START RECORD EXTRACTS

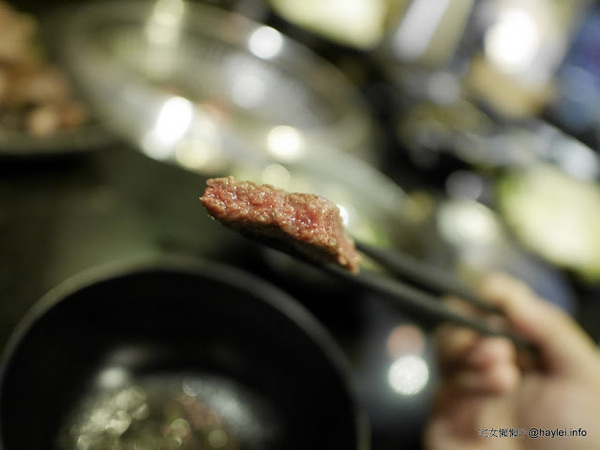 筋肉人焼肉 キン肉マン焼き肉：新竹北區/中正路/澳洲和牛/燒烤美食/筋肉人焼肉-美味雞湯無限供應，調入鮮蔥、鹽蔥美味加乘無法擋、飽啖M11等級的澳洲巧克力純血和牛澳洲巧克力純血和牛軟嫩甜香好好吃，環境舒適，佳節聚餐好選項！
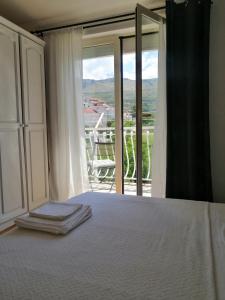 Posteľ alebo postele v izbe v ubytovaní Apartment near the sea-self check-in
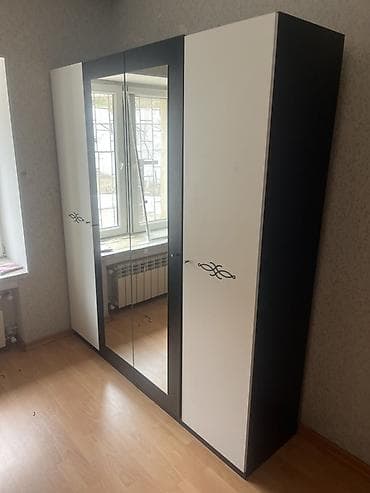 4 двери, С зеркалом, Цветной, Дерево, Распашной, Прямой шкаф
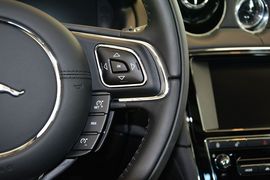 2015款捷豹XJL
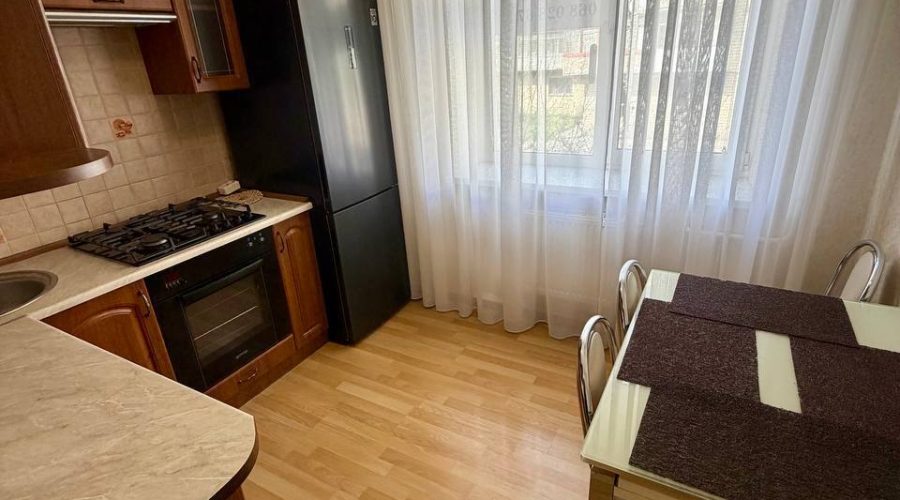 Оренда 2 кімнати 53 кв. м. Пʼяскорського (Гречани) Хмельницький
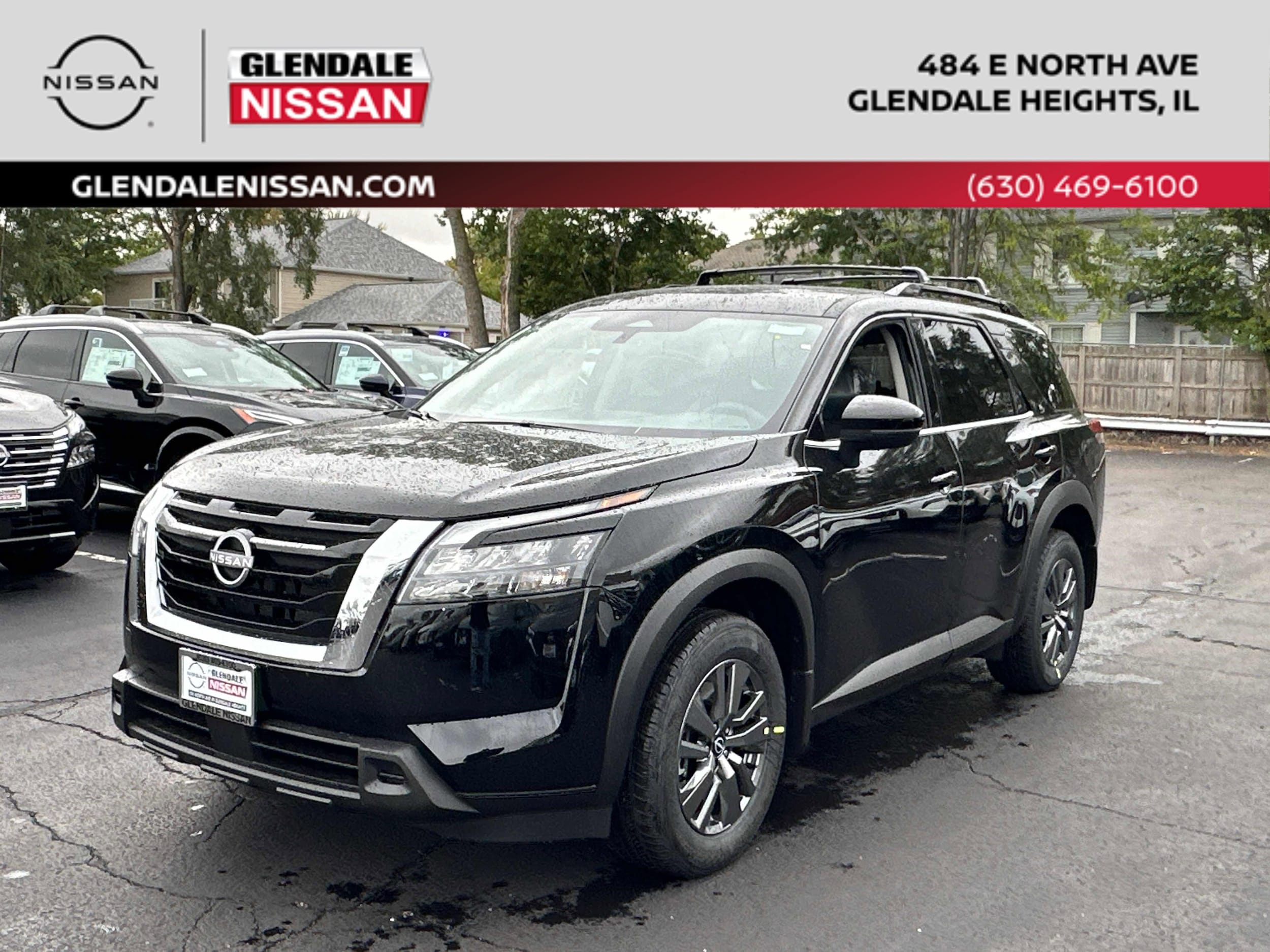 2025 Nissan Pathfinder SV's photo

END RECORD EXTRACTS
START RECORD EXTRACTS

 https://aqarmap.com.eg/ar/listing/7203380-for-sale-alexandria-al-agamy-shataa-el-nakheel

END RECORD EXTRACTS

AIM OF THE EXERCISE: Take the material above and output only the lines from the one that contains "Posteľ alebo postele" through the one that contains "2025 Nissan Pathfinder SV's photo", ends included and images left out.

WRITTEN ANSWER:
 Posteľ alebo postele v izbe v ubytovaní Apartment near the sea-self check-in
 4 двери, С зеркалом, Цветной, Дерево, Распашной, Прямой шкаф
 2015款捷豹XJL
 Оренда 2 кімнати 53 кв. м. Пʼяскорського (Гречани) Хмельницький
 2025 Nissan Pathfinder SV's photo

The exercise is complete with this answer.